And Sheikh Hasina has changed as well. The old caution, the careful, almost timid responses to questions have given way to a more formidable personality in national politics. The common touch which once defined Sher-e-Bangla, Moulana Bhashani and Bangabandhu is now an underpinning of her politics. She gathers widows and orphans in an embrace in all the sincerity of emotion. When she asks business leaders if they are treating their workers well, it is in the full knowledge that the working class does not exactly happen to be living in a paradise of happiness. Her sense of humour remains remarkable and so does her pulse on politics at the grassroots. She is at her best when she lets spontaneity take over, when formal speeches are put aside.
At sixty five, Sheikh Hasina has transformed herself into one of the two most powerful political leaders in Bangladesh’s history, the other being Bangabandhu Sheikh Mujibur Rahman. You may agree with her politics or you may take serious issue with her, but you cannot quite dismiss the reality of her place in history.
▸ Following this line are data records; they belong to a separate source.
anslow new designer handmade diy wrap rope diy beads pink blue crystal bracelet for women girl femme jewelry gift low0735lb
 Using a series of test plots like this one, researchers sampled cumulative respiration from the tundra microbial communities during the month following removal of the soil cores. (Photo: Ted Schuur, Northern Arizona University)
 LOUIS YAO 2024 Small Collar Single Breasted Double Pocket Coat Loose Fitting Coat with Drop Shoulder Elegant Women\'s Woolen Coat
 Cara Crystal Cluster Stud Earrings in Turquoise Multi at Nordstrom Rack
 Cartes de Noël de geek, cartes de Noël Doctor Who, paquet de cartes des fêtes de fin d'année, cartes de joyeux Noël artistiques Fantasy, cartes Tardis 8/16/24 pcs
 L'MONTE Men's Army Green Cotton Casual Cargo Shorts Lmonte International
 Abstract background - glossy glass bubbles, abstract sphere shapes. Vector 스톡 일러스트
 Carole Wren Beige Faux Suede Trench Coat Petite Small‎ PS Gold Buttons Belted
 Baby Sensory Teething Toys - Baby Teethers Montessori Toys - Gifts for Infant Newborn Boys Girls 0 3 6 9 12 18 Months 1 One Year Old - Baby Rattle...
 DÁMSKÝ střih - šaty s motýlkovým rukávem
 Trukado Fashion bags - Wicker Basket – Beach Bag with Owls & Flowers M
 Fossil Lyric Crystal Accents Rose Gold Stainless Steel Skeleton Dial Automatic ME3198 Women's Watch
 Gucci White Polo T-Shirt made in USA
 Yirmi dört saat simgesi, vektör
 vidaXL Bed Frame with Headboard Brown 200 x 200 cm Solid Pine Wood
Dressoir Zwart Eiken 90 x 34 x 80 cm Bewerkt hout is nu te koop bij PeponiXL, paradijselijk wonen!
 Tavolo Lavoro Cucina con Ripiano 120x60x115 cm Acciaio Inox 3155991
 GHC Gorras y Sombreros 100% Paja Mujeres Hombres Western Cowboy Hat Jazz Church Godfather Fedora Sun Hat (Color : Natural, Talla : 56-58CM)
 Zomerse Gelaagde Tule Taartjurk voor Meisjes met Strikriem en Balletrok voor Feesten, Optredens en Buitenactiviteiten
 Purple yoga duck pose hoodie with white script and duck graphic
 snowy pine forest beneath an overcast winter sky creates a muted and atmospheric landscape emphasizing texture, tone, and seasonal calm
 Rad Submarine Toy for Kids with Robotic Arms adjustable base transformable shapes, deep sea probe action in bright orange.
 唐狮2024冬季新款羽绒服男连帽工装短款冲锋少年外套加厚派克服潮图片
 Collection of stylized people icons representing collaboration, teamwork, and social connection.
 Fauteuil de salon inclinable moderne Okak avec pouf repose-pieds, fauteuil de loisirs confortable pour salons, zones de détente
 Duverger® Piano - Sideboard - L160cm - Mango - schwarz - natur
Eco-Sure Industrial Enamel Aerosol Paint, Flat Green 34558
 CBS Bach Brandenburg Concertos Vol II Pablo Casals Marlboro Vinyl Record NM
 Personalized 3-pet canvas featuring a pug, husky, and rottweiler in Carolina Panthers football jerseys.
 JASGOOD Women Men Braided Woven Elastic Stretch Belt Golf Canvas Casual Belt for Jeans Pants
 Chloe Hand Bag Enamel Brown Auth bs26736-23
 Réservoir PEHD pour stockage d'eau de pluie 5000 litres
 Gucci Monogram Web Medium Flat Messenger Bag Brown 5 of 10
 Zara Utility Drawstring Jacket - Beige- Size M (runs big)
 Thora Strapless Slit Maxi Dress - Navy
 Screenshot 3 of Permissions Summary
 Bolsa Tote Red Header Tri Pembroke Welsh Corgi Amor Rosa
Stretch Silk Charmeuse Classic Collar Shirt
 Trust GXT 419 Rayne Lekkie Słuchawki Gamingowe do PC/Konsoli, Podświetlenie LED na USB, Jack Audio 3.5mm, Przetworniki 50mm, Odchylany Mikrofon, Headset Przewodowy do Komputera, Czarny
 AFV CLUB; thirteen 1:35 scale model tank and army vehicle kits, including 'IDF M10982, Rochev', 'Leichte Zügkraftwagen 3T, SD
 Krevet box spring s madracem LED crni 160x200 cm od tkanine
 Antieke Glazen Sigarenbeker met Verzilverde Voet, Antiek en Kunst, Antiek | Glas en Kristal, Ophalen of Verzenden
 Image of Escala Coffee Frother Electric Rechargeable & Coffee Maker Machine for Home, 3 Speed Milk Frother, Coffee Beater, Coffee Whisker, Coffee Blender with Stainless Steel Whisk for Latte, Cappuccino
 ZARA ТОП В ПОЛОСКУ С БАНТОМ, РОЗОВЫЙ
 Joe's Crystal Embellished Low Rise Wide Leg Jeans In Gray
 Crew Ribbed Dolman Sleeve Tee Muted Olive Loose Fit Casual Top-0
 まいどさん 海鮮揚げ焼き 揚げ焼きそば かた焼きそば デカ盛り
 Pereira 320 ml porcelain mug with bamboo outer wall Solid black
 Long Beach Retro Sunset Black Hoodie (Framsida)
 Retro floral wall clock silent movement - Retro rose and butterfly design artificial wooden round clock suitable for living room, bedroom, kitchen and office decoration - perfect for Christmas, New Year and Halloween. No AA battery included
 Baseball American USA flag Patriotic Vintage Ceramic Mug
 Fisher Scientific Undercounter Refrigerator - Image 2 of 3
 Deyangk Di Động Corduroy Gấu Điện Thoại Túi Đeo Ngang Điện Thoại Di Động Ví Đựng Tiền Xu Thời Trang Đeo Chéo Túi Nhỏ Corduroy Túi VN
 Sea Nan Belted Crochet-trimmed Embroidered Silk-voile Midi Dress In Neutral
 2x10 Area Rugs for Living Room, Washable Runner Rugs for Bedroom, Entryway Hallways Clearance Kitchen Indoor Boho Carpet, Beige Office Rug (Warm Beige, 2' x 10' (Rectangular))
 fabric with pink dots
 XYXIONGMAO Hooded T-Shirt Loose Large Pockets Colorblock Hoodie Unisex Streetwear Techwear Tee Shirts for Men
There are all the dangers she lives with, risks that also vicariously confront those who have traditionally kept faith with the spirit of 1971. Which is why she now needs to bring together all those forces, intellectual and social, that once sustained her father’s politics, in a wider coalition. She has brought Bangabandhu’s killers to justice. She has caused the war crimes trials to commence, to the relief of the country. So far so good.
In a larger sense, though, Sheikh Hasina needs to reach out to the whole country, across the spectrum, if she means to change it for the better. And then, of course, will come the pivotal question in national politics: after Sheikh Hasina, who?